Inuit traditions include the continued use of Inuit languages, storytelling as a way to pass events down to generations, dancing and the belief in mythology. Inuits often maintain a hunting tradition as a way to obtain food and keep a close connection to family and friends. Since World War II, Inuit traditions have seen change due to increased influence form outside cultures.

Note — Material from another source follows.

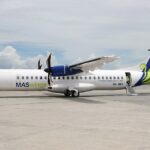 An ATR 72-500 twin-engine turboprop passenger airliner, operated by MASwings with tail number 9M-MWA, sits parked on the airport tarmac on a bright, partly cloudy day.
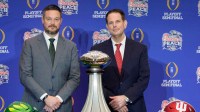 Oregon head coach Dan Lanning, left, and Indiana head coach Curt Cignetti during the head coaches’ press conference ahead of the Peach Bowl at the College Football Hall of Fame in Atlanta, Georgia, on Jan. 8, 2026.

The Inuit are a group of people with cultural similarities who live in the Arctic. In Canada, the Inuit live in the northern regions of Nunavit, the Northwest Territories, Quebec and Labrador. Inuit communities are also found in northern Alaska and Greenland, with the Inuit comprising 89 percent of Greenland's population. In total, there are about 118,426 Inuit, as of 2015. The Inuit speak several languages from the Eskimo-Aleut language family, including Canadian Inuktitut and Inuinnaqtun. The communities typically follow Inuit traditional law, with the shaman, or angakkuq, assisting if needed.
Traditional storytelling and mythology play a large role in Inuit culture. For example, several legends center around the Aurora Borealis. Some communities believe that their ancestors can be seen dancing in the lights, while others believe that the Aurora Borealis will punish those who whistle at it. Gods such as Old Woman, or Sedna, are believed to live under the sea.